Capt. the Hon. W. Ormsby-Gore, M.P., said he was particularly glad the Zionist Declaration had been made by the British Government at a moment when British arms were saving that land, because it showed that the British Government was not out for gain. The Jewish claim to Palestine was, to his mind, overwhelming, and he rejoiced to see what an overwhelming mass of British representative opinions in the House of Commons was now supporting the movement. He supported it as a member of the Church of England, as Sir Mark Sykes had supported it as a Roman Catholic. In the return of Palestine to be the Jewish home, he held out the hand of friendship to the Zionists, who sought to bring it into effect. He felt that behind it all was the finger of Almighty God. From the moment he met their Zionist leaders, whether in Egypt or in this country, he felt there was in them something so sincere, so British, so straightforward, that at once his heart went out to them. They had in their leader in this country a man of great qualities, a statesman who had shown a skill, a determination, and a patience which had endeared him to everyone. He (the speaker) had done what little he could to help forward the movement, and in the future, if they were looking out for a friend, they could count him as one of them.
Mr. H. N. Mostditchian, a member of the Armenian delegation, said he availed himself of the opportunity of giving their Jewish brethren the heartiest greetings of the Armenians and sincerest congratulations for the dawn about to break upon the glad valleys of their ancestral land. He made a comparison of the two nations, who had gone through the same persecutions, but who notwithstanding were not willing to die, and had not died, and who stood to-day hand-in-hand on the eve of a new era, when both of them would be able to live once more their national lives, of which they had given good evidence in the past. They all knew that Armenia was one of the first countries mentioned in the History of the Jews, and there had reigned one thousand two hundred years ago a Dynasty of Armenian Kings who had in their veins a good deal of Jewish blood. After the loss of their independence the Jews had continued to live a life of captivity and exile, and the Armenians, after the loss of their independence, had suffered the same exile. It was not the time to say what the Armenians had suffered during the last three years, a state of things to which the worst pogrom was a heaven, but they, as well as the Jews, looked towards ‘to-morrow’ with great fervour as a result of the Declaration. They had waited long enough with their Jewish brethren, for centuries and centuries, and these two nations, as well as the Arabs, would make Palestine another promised land and a garden of Eden—a centre to which humanity might look up.
The author then proceeded to read a statement in behalf of the Executive of the Zionist Organization. The text of that statement is given later.
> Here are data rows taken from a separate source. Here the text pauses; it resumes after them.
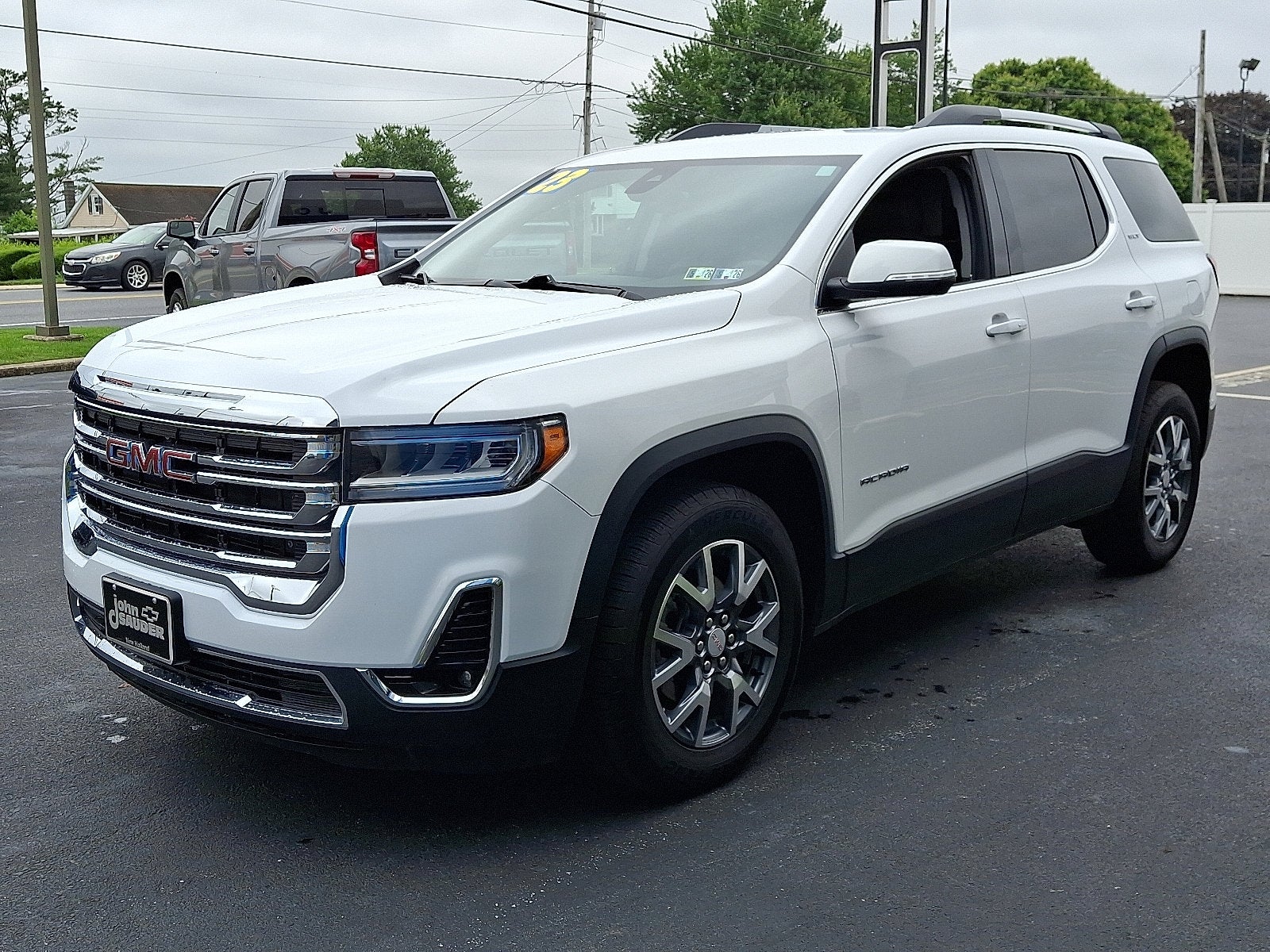 2023 GMC Acadia SLT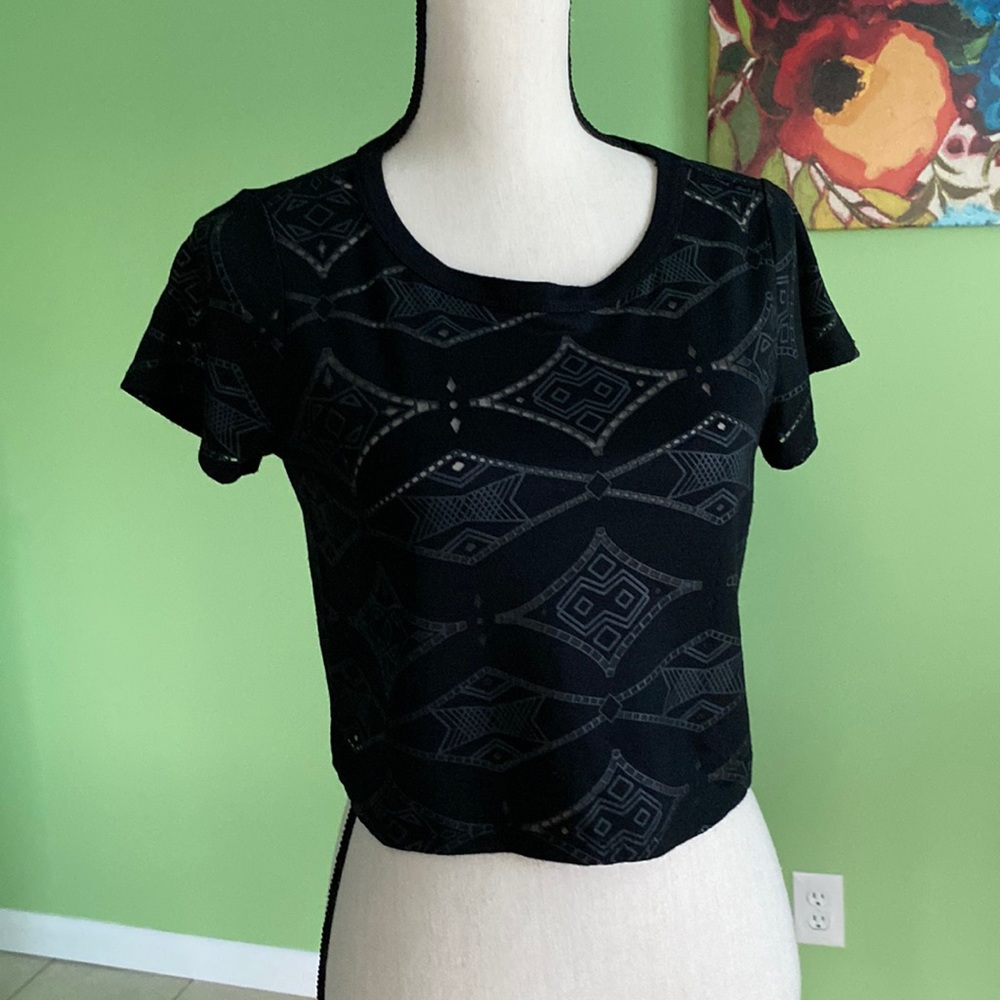 Crop Top**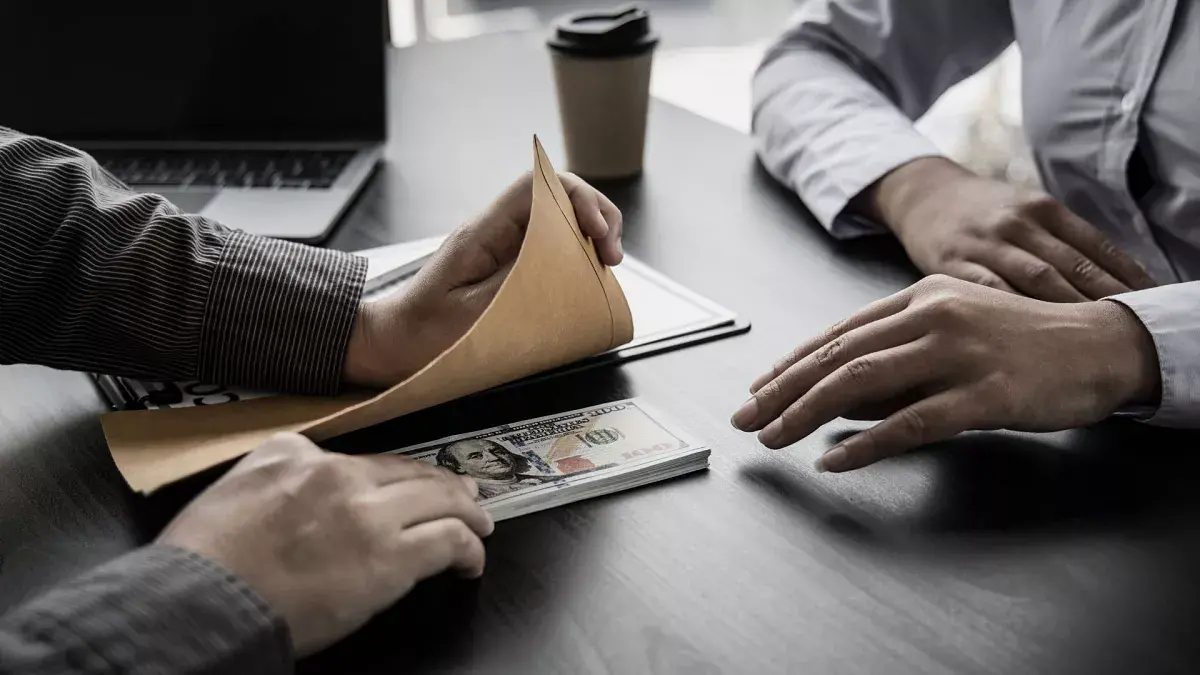 La corruzione non è più una deviazione, è diventata sistema:\u00A0o ci ribelliamo o ci rassegniamo, non ci sono vie di mezzo\n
Mr. James de Rothschild said he stood there as the son of one who had spent his life in endeavouring to bring about what they were celebrating that day. Jewish ideals up to that time had been met at the gate, but they could not get through. With one stroke of the pen the English Government had flung open these gates. Therefore in every Jewish heart gratitude was overflowing, and they must not forget that all their aims of the future had been strengthened by the country whose Government had framed the generous and just Declaration.
Dr. Ch. Weizmann, President of the English Zionist Federation, referred to the many good and brilliant words which had been said about the Jews, and he hoped that the Jews of to-day and the Jews of to-morrow would rise to the occasion in the needed power and dignity, and give their answer to the great resolution, not only in words, but in deeds. It was a fact, and no metaphor, that twenty centuries looked to see if their actions were worthy of the opportunity which the British Government had given them. The present generation had upon its shoulders the greatest responsibility of the last two thousand years, and he prayed that they might be worthy of that responsibility.
He then called upon the meeting to rise, and with hands uplifted to take the old historic oath—each man and woman of them—
אם־אשכחך ירושלם תשכח ימיני.[¹]
[¹] “If I forget thee, O Jerusalem,
Let my right hand forget her cunning.”